I have an 1890 copy of the “Welcome Baking Powder Encyclopedia of Cookery and Valuable Recipes- Containing More Than Twenty-five Hundred Recipes for Cooking Every Kind of Meat and Fowl, Making Soup, Gravies, Pastry, Preserves and Essences, and a Chapter on Home Duties, Dress Making, and Being Your Own Doctor”. I think that covers just about everything we might need! The book was a souvenir given away by the Welcome Baking Powder Co. of Kansas City. I had forgotten all about it until recently when I was sorting through some keepsakes. It has some very interesting recipes, but I’ll save those for another day. Today I want you to read Dr. Hall’s words of wisdom on eating. (I have no idea who Dr. Hall was, but he must not have needed any introduction or explanation because there isn’t one.)
"Rules for Eating…
- Never sit down to table with an anxious or disturbed mind; better a hundred times intermit that meal, for there will then be that much more food in the world for hungrier stomachs than yours; and besides, eating under such circumstances can only, and will always, prolong and aggravate the condition of things.
- Never sit down to a meal after any intense mental effort, for physical and mental injury are inevitable, and no one has a right to deliberately injure body, mind, or estate.
- Never go to a full table during bodily exhaustion- designated by some as being worn out, tired to death, used up, over done, and the like. The wisest thing to be done under such circumstances is to take a cracker and a cup of warm tea, either black or green, and no more. In ten minutes you will feel a degree of refreshment and liveliness which will be pleasantly surprising to you; not of the transient kind which a glass of liquor affords, but permanent; but the tea gives present stimulus and a little strength, and before it subsides, nutriment begins to draw from the sugar, and cream, and bread, thus allowing the body gradually, and by safe degrees, to regain its usual vigor. Then, in a couple of hours, a full meal may be taken, provided that it does not bring it later than two hours before sundown; if later, then take nothing for that day in addition to the cracker and tea, and the next day you will feel a freshness and vigor not recently known.
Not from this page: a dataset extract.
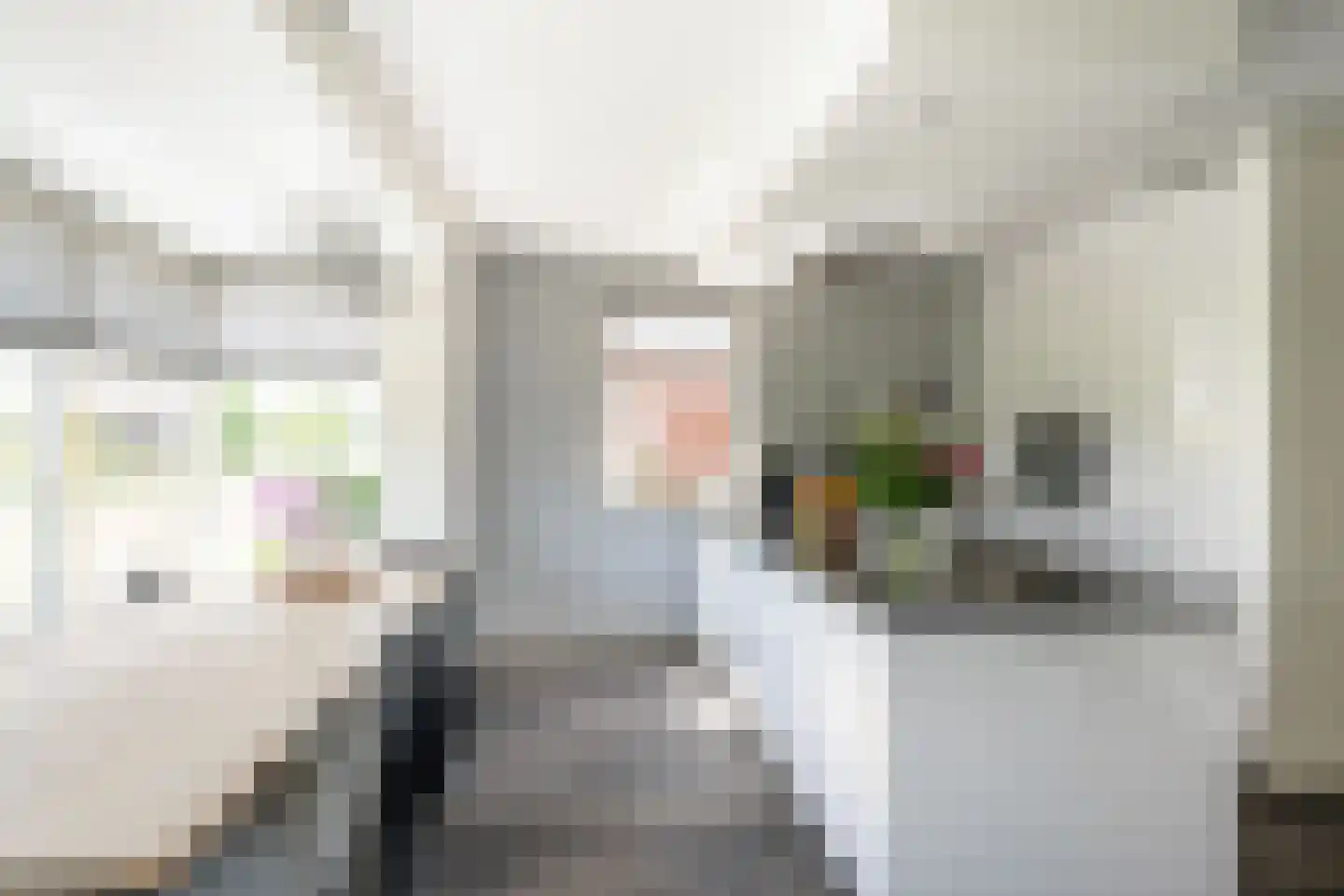 Woestijnzand 9 Naaldwijk thumbnail 13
No lady will require to be advised a second time, who will conform to the above rules; while it is a fact of no unusual observation among intelligent physicians that eating heartily and under bodily exhaustion is not unfrequently the cause of alarming and painful illness, and sometimes sudden death. These things being so, let every family make it a point to assemble around the table with kindly feelings- with a cheerful humor, and a courteous spirit; and let that member of it be sent from it in disgrace who presumes to mar the reunion by sullen silence, or impatient look, or angry tone, or complaining tongue. Eat ever in thankful gladness, or away with you to the kitchen, you “ill-tempered thing, that you are.” There was good philosophy in the old-time custom of having a buffoon or music a the dinner-table."